Re: [libvirt PATCH v2 81/81] RFC: qemu: Keep vCPUs paused while migration is in postcopy-paused

Monday, 6 June 2022

On Wed, Jun 01, 2022 at 02:50:21PM +0200, Jiri Denemark wrote:
...
 QEMU keeps guest CPUs running even in postcopy-paused migration state
so
 that processes that already have all memory pages they need migrated to
 the destination can keep running. However, this behavior might bring
 unexpected delays in interprocess communication as some processes will
 be stopped until migration is recover and their memory pages migrated.
 So let's make sure all guest CPUs are paused while postcopy migration is
 paused.
 ---

 Notes:
     Version 2:
     - new patch

     - this patch does not currently work as QEMU cannot handle "stop"
       QMP command while in postcopy-paused state... the monitor just
       hangs (see https://gitlab.com/qemu-project/qemu/-/issues/1052 )
     - an ideal solution of the QEMU bug would be if QEMU itself paused
       the CPUs for us and we just got notified about it via QMP events
     - but Peter Xu thinks this behavior is actually worse than keeping
       vCPUs running 
I'd like to know what the rationale is here ?

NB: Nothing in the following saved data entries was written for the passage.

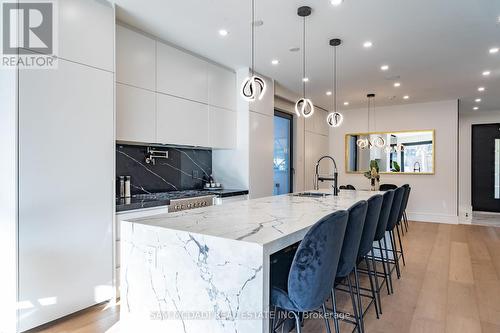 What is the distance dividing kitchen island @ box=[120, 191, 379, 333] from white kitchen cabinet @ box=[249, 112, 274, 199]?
2727mm

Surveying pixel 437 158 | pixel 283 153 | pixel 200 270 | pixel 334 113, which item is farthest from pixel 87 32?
pixel 437 158

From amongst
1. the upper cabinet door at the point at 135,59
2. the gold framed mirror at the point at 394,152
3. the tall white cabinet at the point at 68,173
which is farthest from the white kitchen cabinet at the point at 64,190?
the gold framed mirror at the point at 394,152

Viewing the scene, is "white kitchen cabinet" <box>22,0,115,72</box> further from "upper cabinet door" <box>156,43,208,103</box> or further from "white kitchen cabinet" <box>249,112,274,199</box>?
"white kitchen cabinet" <box>249,112,274,199</box>

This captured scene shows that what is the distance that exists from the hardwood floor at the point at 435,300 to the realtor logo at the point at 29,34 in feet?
6.75

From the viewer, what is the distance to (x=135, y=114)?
3.31m

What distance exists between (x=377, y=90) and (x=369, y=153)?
2.37 meters

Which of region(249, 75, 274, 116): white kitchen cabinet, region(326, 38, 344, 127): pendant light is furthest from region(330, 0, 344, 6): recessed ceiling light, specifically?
region(249, 75, 274, 116): white kitchen cabinet

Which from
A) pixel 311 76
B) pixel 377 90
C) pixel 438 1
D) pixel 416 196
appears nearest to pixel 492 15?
pixel 438 1

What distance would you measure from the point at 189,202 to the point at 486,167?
8.77 meters

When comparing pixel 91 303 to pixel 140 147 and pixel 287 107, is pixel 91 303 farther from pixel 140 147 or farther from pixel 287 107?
pixel 287 107

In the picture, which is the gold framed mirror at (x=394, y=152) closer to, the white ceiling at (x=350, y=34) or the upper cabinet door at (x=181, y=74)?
the white ceiling at (x=350, y=34)

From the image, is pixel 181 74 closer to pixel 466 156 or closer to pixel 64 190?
pixel 64 190

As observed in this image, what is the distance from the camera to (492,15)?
2975mm

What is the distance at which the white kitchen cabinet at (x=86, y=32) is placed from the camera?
247 cm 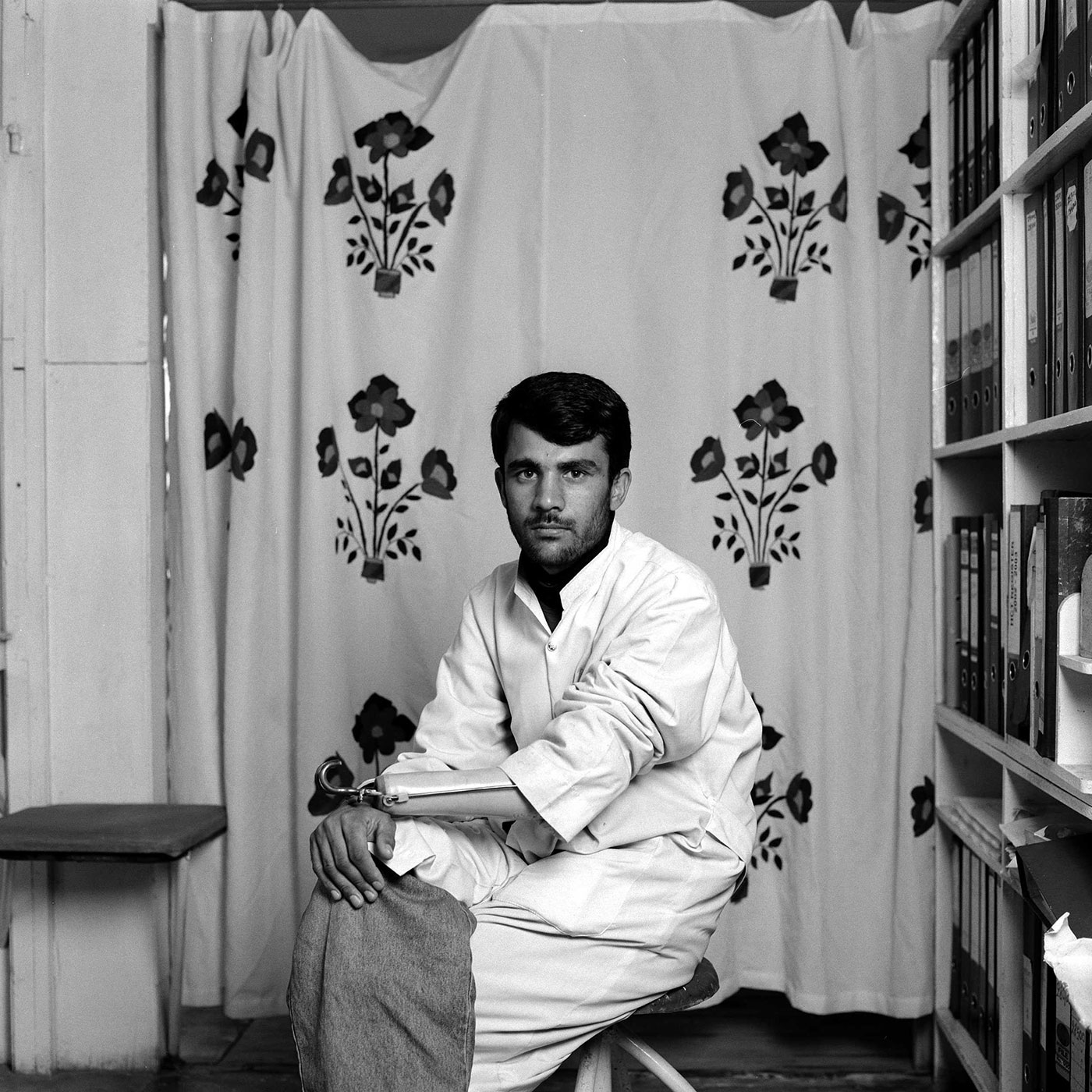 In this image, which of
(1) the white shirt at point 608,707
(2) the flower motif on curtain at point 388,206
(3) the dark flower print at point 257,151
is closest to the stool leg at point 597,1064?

We've got a long history knowing the behaviour and impact when
pausing a VM as a whole. Of course some apps may have timeouts
that are hit if the paused time was too long, but overall this
scenario is not that different from a bare metal machine doing
suspend-to-ram. Application impact is limited & predictable and
genrally well understood.

I don't think we can say the same about the behaviour & impact
on the guest OS if we selectively block execution of random
CPUs.  An OS where a certain physical CPU simply stops executing
is not a normal scenario that any application or OS is designed
to expect. I think the chance of the guest OS or application
breaking in a non-recoverable way is high. IOW, we might perform
post-copy recovery and all might look well from host POV, but
the guest OS/app is none the less broken.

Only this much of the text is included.